─── Record extracts ───

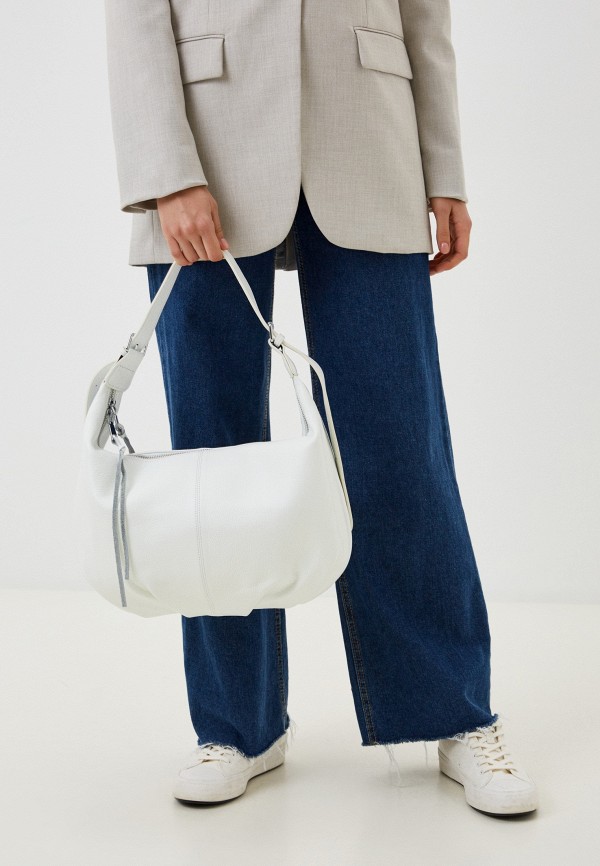 фото Сумка nosi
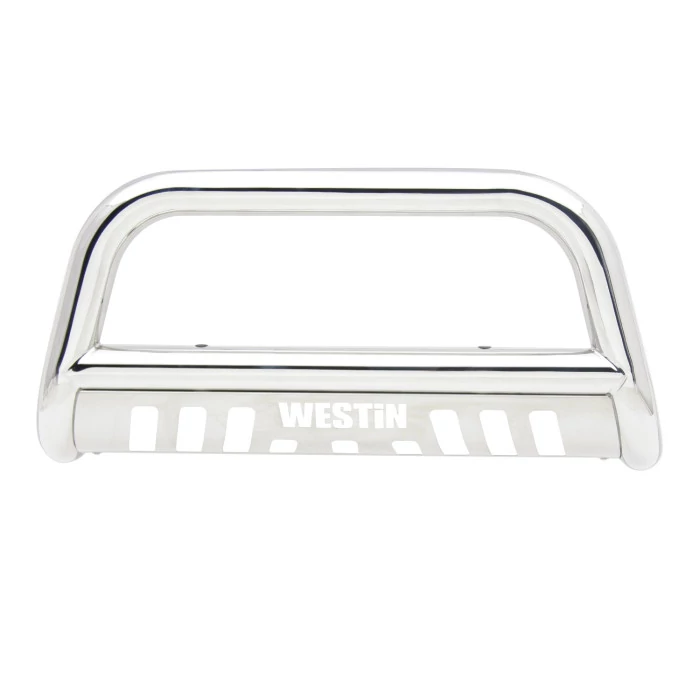 Westin® - E-Series Front Bull Bar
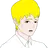 たけし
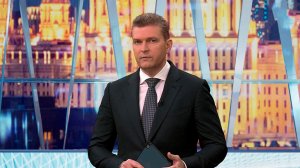 Прощание с Верой Алентовой пройдет 29 декабря в Театре имени Пушкина.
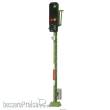 Viessmann 4012 - H0 Licht-Einfahrsignal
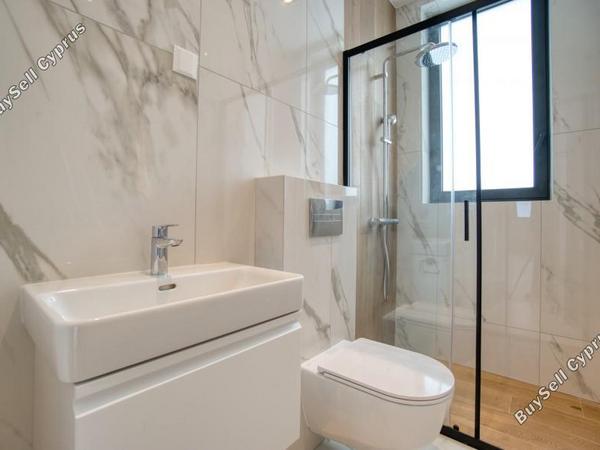 3 bedroom penthouse for sale agios athanasios limassol 7738309 image 15823448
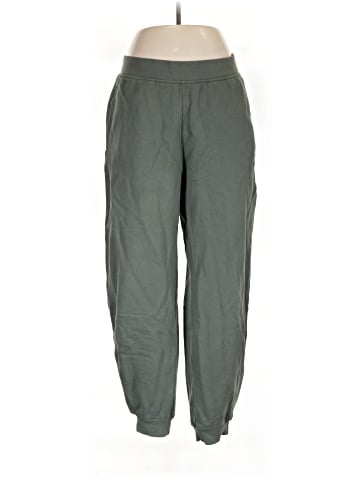 Left on Friday Track Pants (view 1)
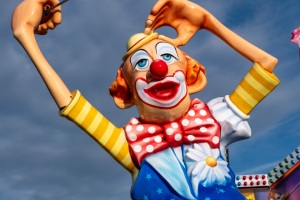 Bremen-20260411-182343-DSCF5212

───

▶ [Goal of the exercise]: In the data above, take the line with "Прощание с Верой", the line with "Left on Friday Track Pants (view 1)", and every line between, and set them down exactly without pictures.

▶ [Answer box]:
 Прощание с Верой Алентовой пройдет 29 декабря в Театре имени Пушкина.
 Viessmann 4012 - H0 Licht-Einfahrsignal
 3 bedroom penthouse for sale agios athanasios limassol 7738309 image 15823448
 Left on Friday Track Pants (view 1)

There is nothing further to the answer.